I do not mean to imply that there is anything wrong with this strategy or with Google’s motives. It is only by collecting this data that they can provide many of the services they offer. Most of the data they collect is not that personal – collecting the inflection in my voice when I make a 411 call (my phonemes) does nothing to harm me – I had no plans for those phonemes anyway. I am happy to contribute them. Many of Google’s other uses of data are equally harmless. Google’s use of my click-through patterns to increase the relevance of future search returns or to adjust the presentation of paid search text ads is fine with me, but there is something here that I think we need to pay attention to.
Data has this really weird quality. In economic terms data has an increasing marginal utility. Anyone who took Econ 101 knows that most physical objects have a decreasing marginal utility. When it is raining my first umbrella keeps me dry, a second may be handy if the first blows out, but a third is unlikely to be used. This is true of shirts, steaks, houses, of almost anything you can think of except data.
Data has the opposite characteristic. Each incremental point of data adds value to the ones you all ready have. It is easy to see this in the context of an advertising network. If the ad network knows that a user is female it can show more relevant ads. But, If the ad network knows that female’s age, it can do even better, and data about location, household income, and recent web sites visited all add value to the existing data points, making it possible to show more and more relevant ads. Google’s services all benefit from additional data albeit in different ways.
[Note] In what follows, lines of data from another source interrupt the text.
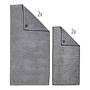 Towel Deluxe Prime Set of 4 Cotton Fabric Grey 1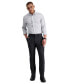 Фото #2 товара Men's Gabardine Skinny/Extra-Slim Fit Performance Stretch Flat-Front Dress Pants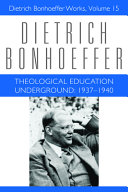[9780800698157] Theological Education Underground, 1937-1940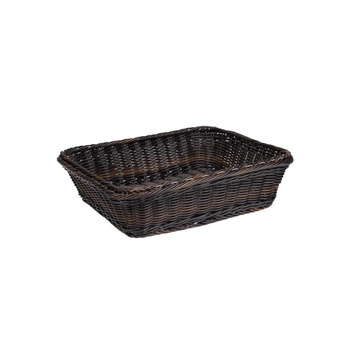Corbeille en polypropylène GN LINE, rectangulaire, noir-marron, GN 2/3, 36,5x33x10,5 cm | APS 40249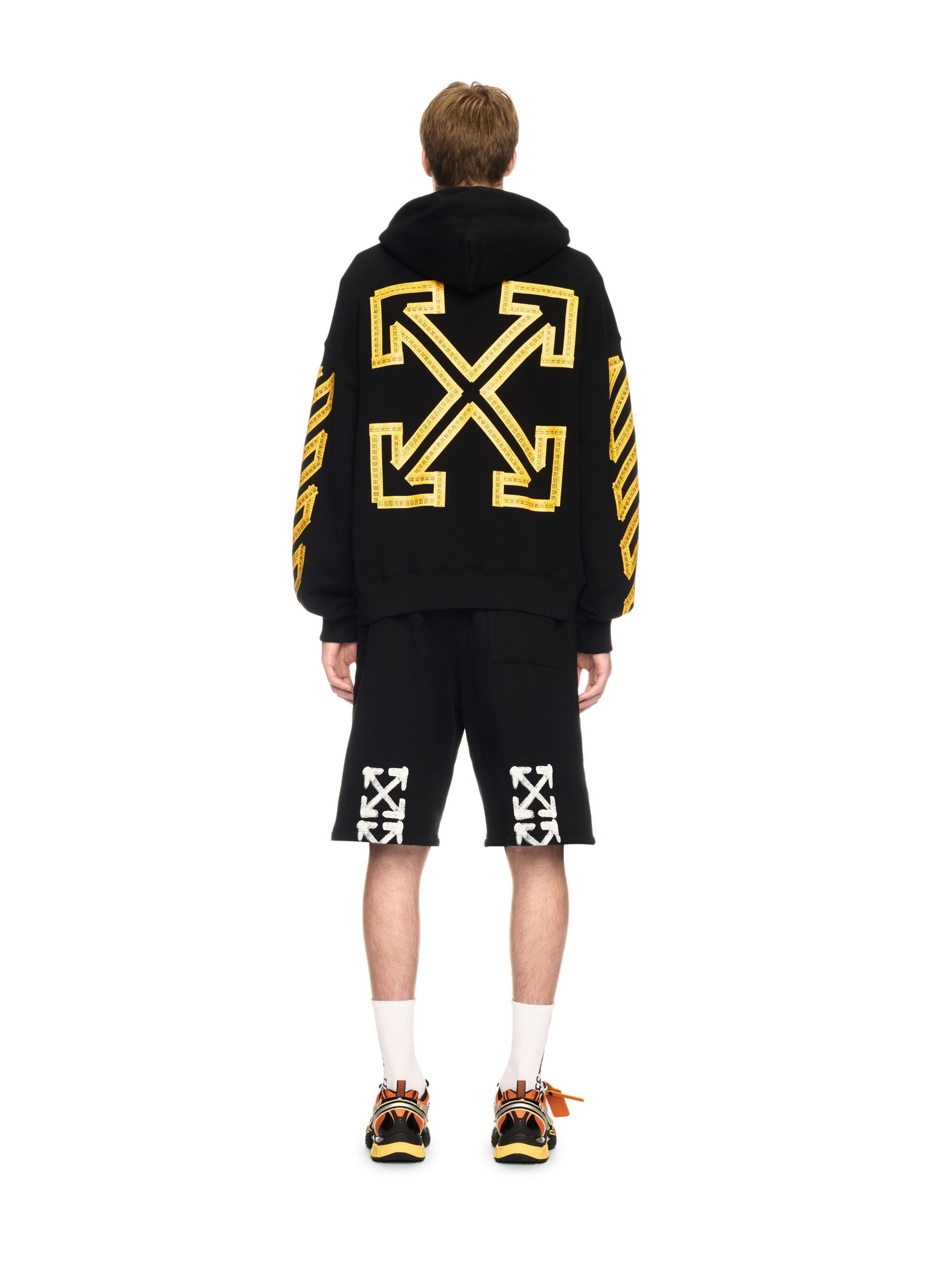 Black Tape Arrow Hoodie - 4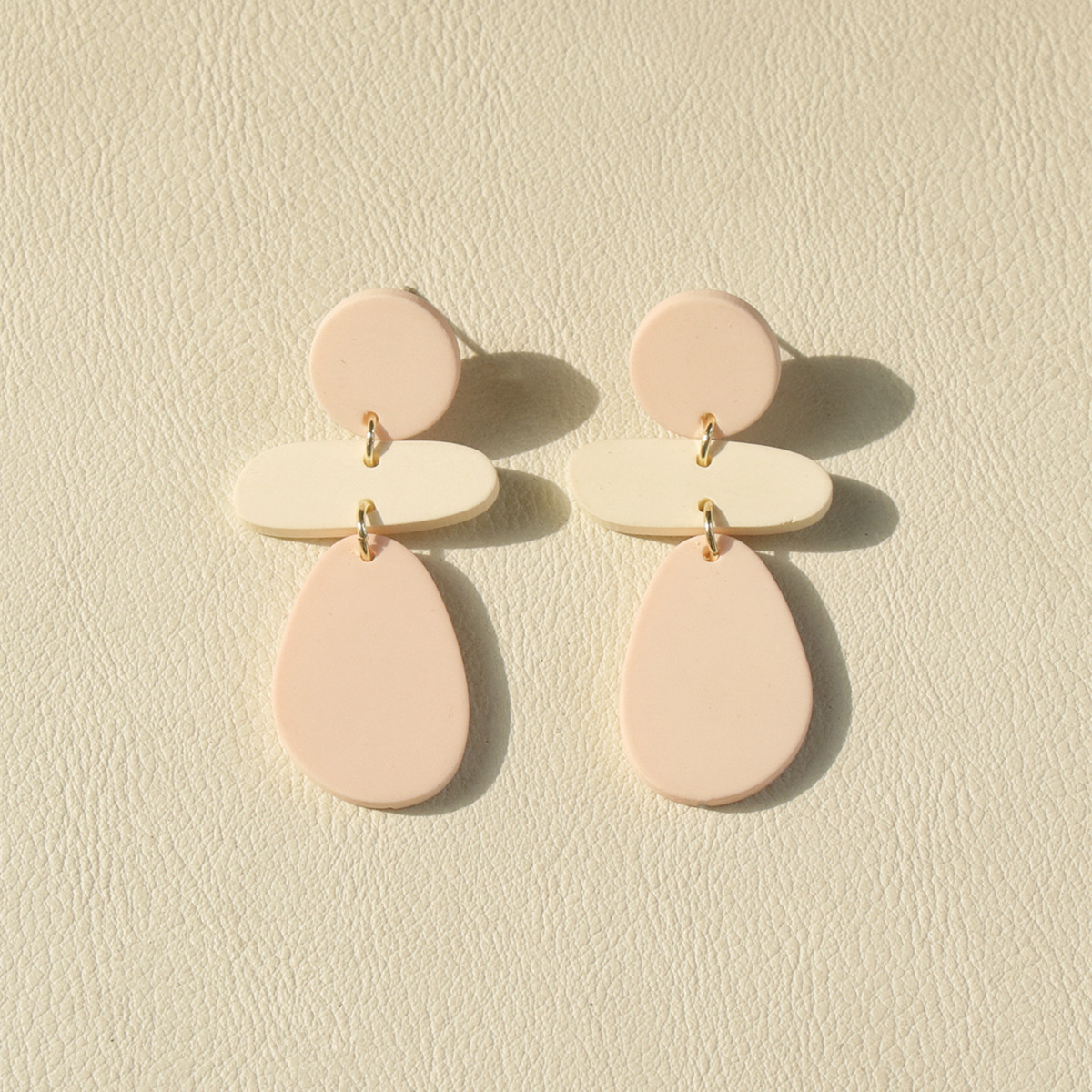 Women'S Gender 1 Pair Cute Simple Style Heart Shape Flower Soft Clay Women's Drop Earrings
So what does all this mean about the market for web services. It means that we all need to to think about the degree to which Google’s enormous data asset will allow it to dominate this important sector
We have for example, been paying a lot of attention to services that help users discover new information and to filter the information they are already trying to consume. The young companies we have looked at in this space all approach the problem differently but they all depend on amassing data about users reactions to information and services in order to improve their ability to anticipate what a user might be interested in seeing. When Google announced their recommendations feature for Google Reader, we had a flurry of discussions about how this would impact the opportunity to provide discovery services. Google’s recommendations feature itself was not that impressive, or immediately useful, but just the way Microsoft’s entrance into a PC software market (often with an inferior product initially) changed the prospects for a startup, Google’s addition of recommendations to Google Reader is a shot across the bow of anyone in the filtering or discovery business. The source of the threat here is a data differential. Google has so much more data at their fingertips that even if a startup does a much better job leveraging data to deliver recommendations, Google could potentially provide a better value proposition to the end user with an inferior algorithm powered by more data, sourced from a broader range of services.
I have to admit that I do not know yet how dominant Google could be in web services, or if their dominance would dampen innovation and hurt consumers, but my bias as a venture capitalist is to believe that innovation thrives in small businesses and is often muted in large organizations. So, I think it is time that we all began to think about how to promote innovation in a world dominated by Google’s massive data store. Open source and the shift to a web based applications architecture reduced Microsoft’s influence and enabled a new round of innovation on the web.
Google understands the leverage of data. In the one area where they do not have the largest data asset, social networking, they have launched the Open Social initiative to try to make that data accessible to them and to others. It will be interesting to see how Open Social plays out. I am not convinced that it will alter the balance of power in the social networking space. Open source by itself did not have a huge impact on Microsoft. It was open source in combination with a platform shift from the PC to the web that opened up innovation on the web. Microsoft still dominates the PC platform. We need an open data movement, but that may not be enough. We may also need a platform shift. The web seems so much like an end state that it is hard to imagine what that platform shift might look like or when it might happen. I am not going to predict the nature or the timing of this platform shift, but I will point out one thing. The data that drives all of the most valuable web services is contributed by users as they interact with these services. The shift that unlocks another era of innovation will occur when users to understand their role in this ecosystem and have the tools at hand to direct what is now an unconscious contribution in a way that insures continued innovation on their behalf.